**GOAL OF THE EXERCISE:**
Repeat exactly, and only, the lines of the entries below from the one with "Not My Circus" through the one with "Aretes, argollas para", both ends included.

**ENTRIES PROVIDED:**
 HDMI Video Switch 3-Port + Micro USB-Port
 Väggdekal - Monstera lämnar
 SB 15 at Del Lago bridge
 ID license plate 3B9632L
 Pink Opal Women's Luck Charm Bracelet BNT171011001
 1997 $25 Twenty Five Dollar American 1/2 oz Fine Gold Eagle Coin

---

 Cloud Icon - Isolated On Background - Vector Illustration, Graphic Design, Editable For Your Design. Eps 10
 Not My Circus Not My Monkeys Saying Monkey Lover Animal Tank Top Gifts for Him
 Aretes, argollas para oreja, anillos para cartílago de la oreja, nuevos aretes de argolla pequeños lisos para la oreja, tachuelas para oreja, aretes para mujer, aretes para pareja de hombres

**SOLUTION:**
 Not My Circus Not My Monkeys Saying Monkey Lover Animal Tank Top Gifts for Him
 Aretes, argollas para oreja, anillos para cartílago de la oreja, nuevos aretes de argolla pequeños lisos para la oreja, tachuelas para oreja, aretes para mujer, aretes para pareja de hombres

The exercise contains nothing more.